Problem description -
Beginning with the line containing "Back To School." and going on through the line containing "A light beige", the lines below are to be returned exactly, pictures excluded and nothing added.

Provided data -
-=-=-

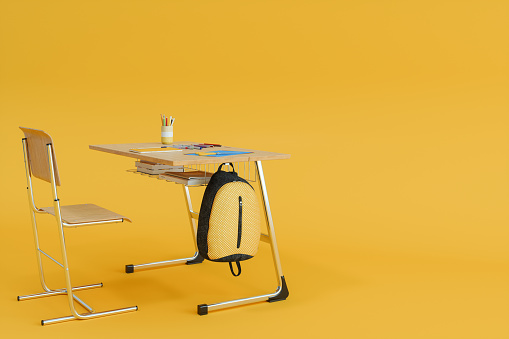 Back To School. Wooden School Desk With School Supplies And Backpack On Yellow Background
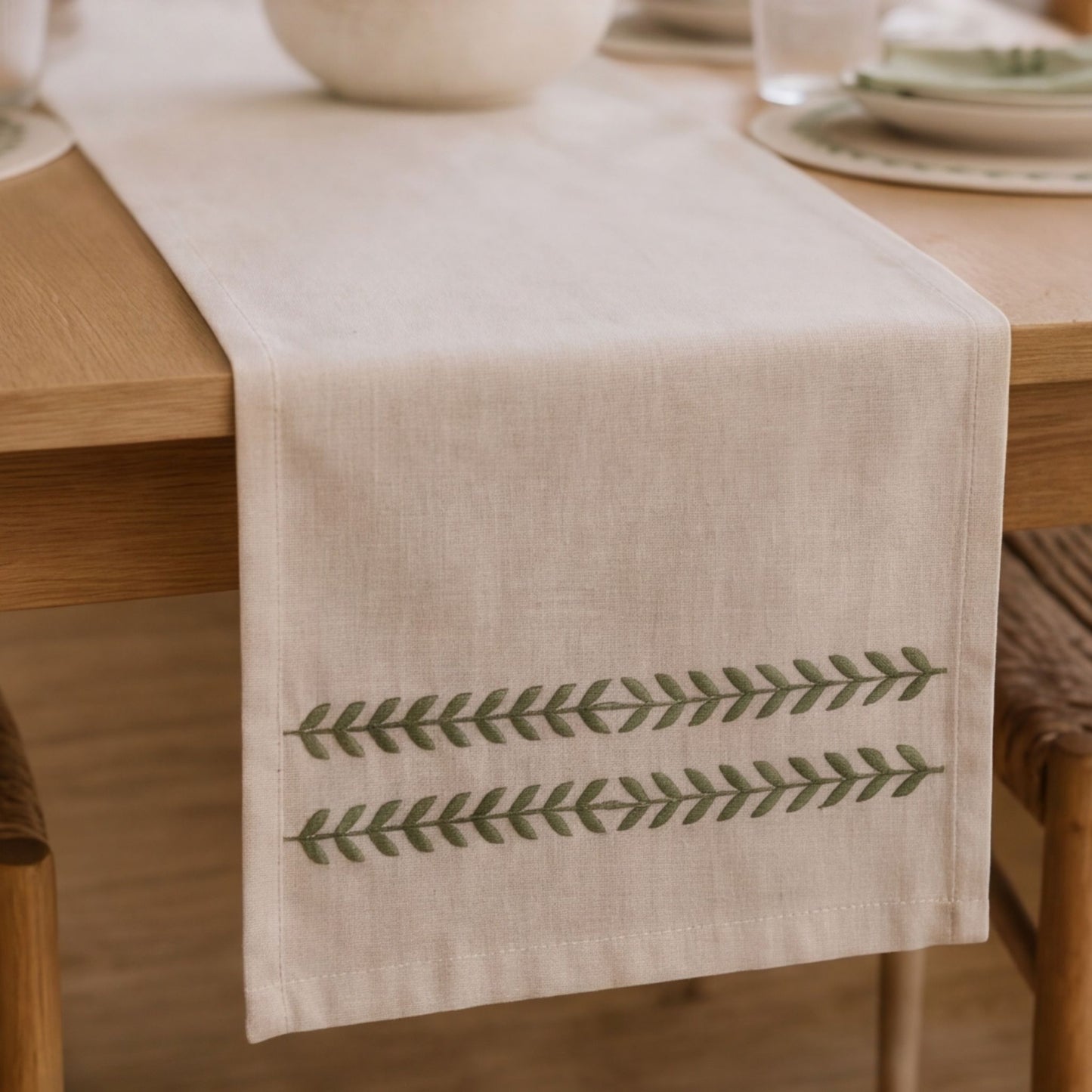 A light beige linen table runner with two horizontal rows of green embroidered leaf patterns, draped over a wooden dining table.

-=-=-

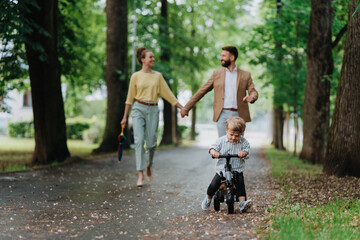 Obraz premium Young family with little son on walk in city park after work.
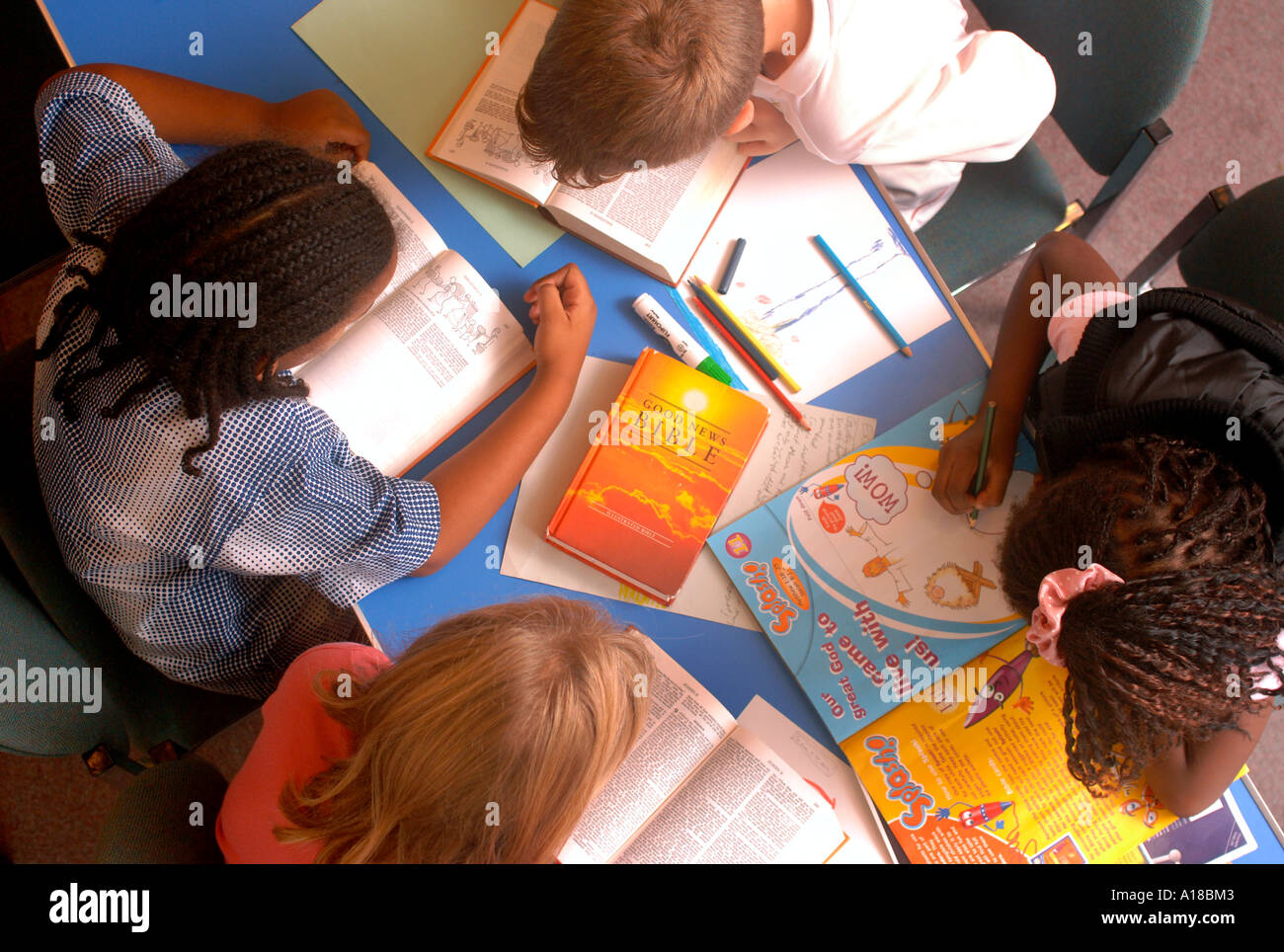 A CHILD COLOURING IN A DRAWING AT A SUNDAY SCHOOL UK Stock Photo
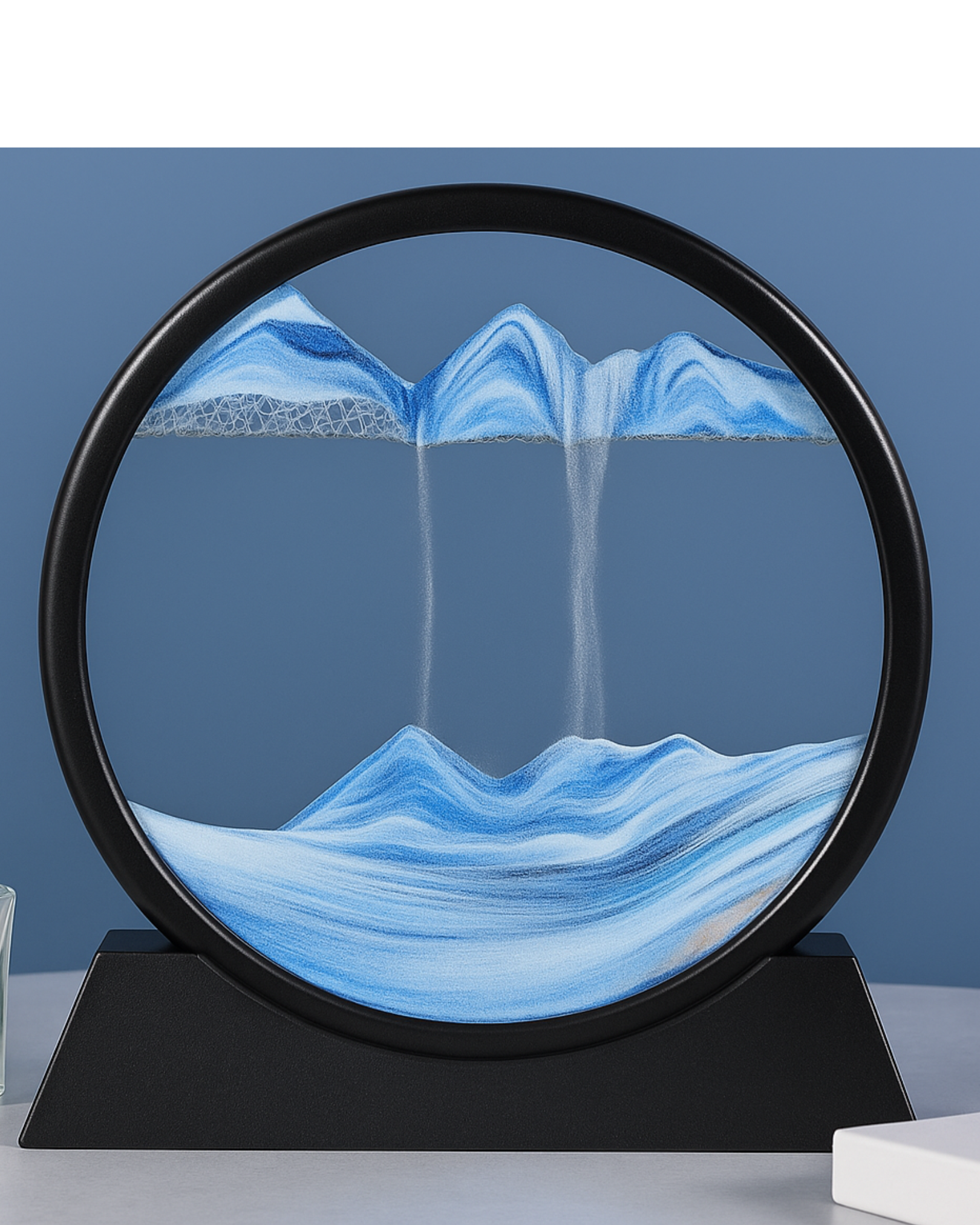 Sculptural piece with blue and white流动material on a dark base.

-=-=-

Exercise answer -
 Back To School. Wooden School Desk With School Supplies And Backpack On Yellow Background
 A light beige linen table runner with two horizontal rows of green embroidered leaf patterns, draped over a wooden dining table.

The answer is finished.